THE TASK. In the data below, find the line containing "Ontre 少女条纹面料蝴蝶结吊带背心 - 杏色 - 查看 6" and the line containing "Homepage hero for", then reproduce them and every line between, exactly. Omit pictures.

AVAILABLE RECORDS.
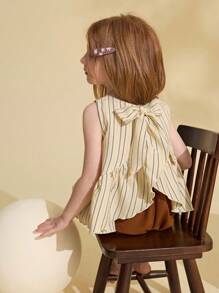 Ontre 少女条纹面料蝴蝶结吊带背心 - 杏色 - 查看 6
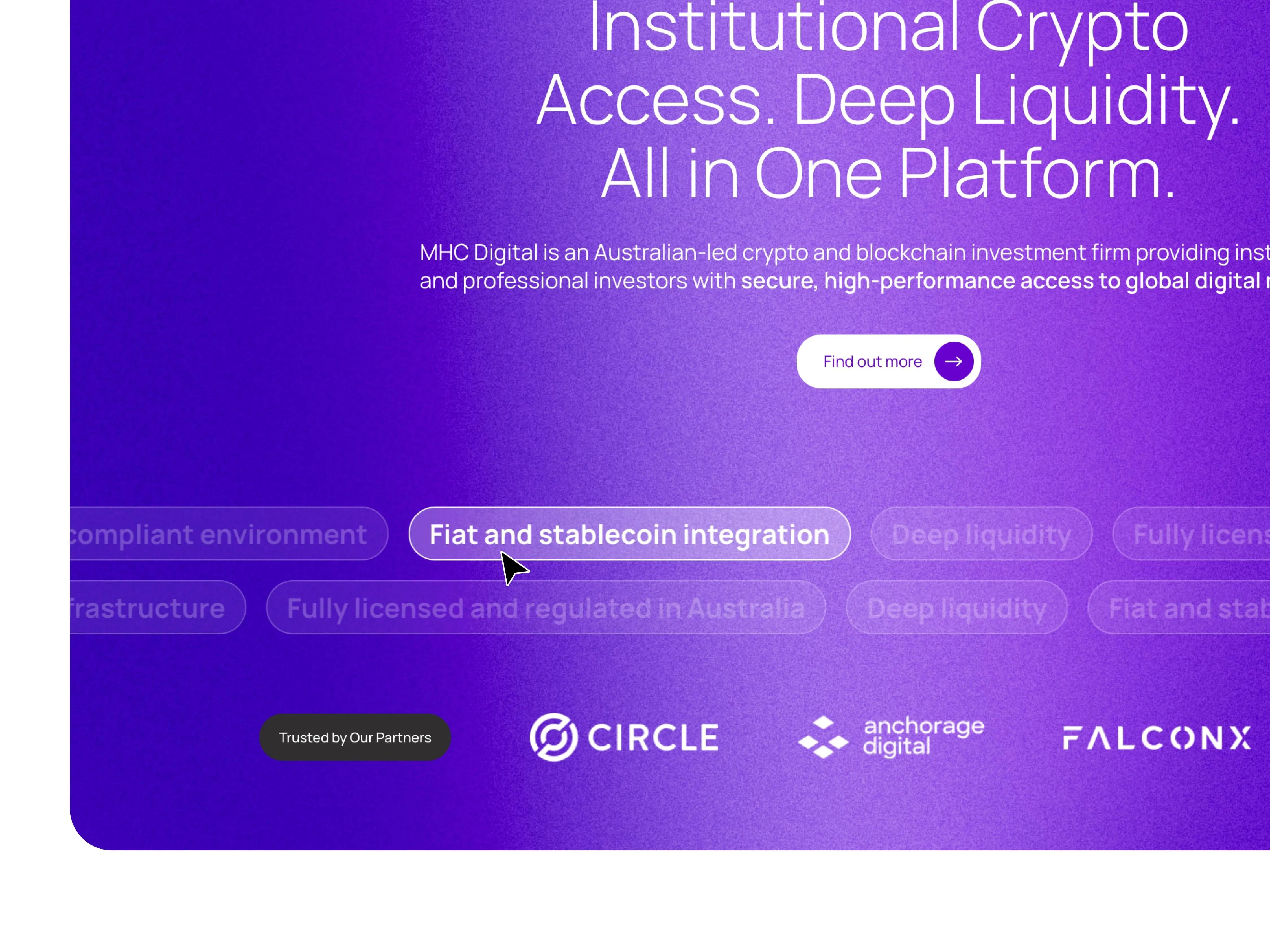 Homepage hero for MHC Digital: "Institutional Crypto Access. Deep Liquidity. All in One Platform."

* * *

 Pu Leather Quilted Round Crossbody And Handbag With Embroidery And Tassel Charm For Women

* * *

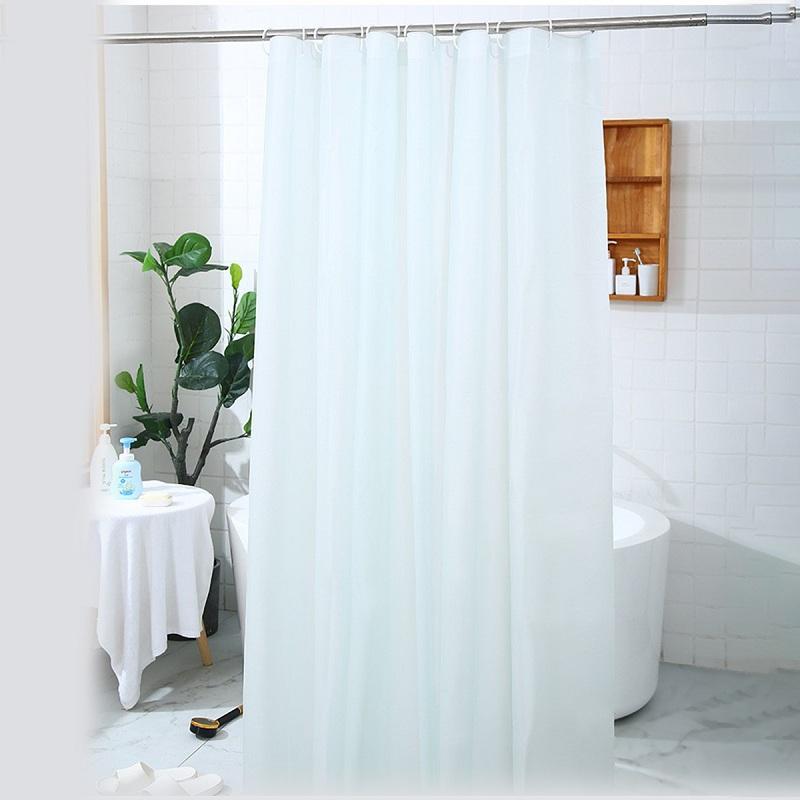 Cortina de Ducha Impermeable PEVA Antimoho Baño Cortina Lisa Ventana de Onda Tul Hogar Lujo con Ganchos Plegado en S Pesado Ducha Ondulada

SOLUTION FOR THIS EXERCISE.
 Ontre 少女条纹面料蝴蝶结吊带背心 - 杏色 - 查看 6
 Homepage hero for MHC Digital: "Institutional Crypto Access. Deep Liquidity. All in One Platform."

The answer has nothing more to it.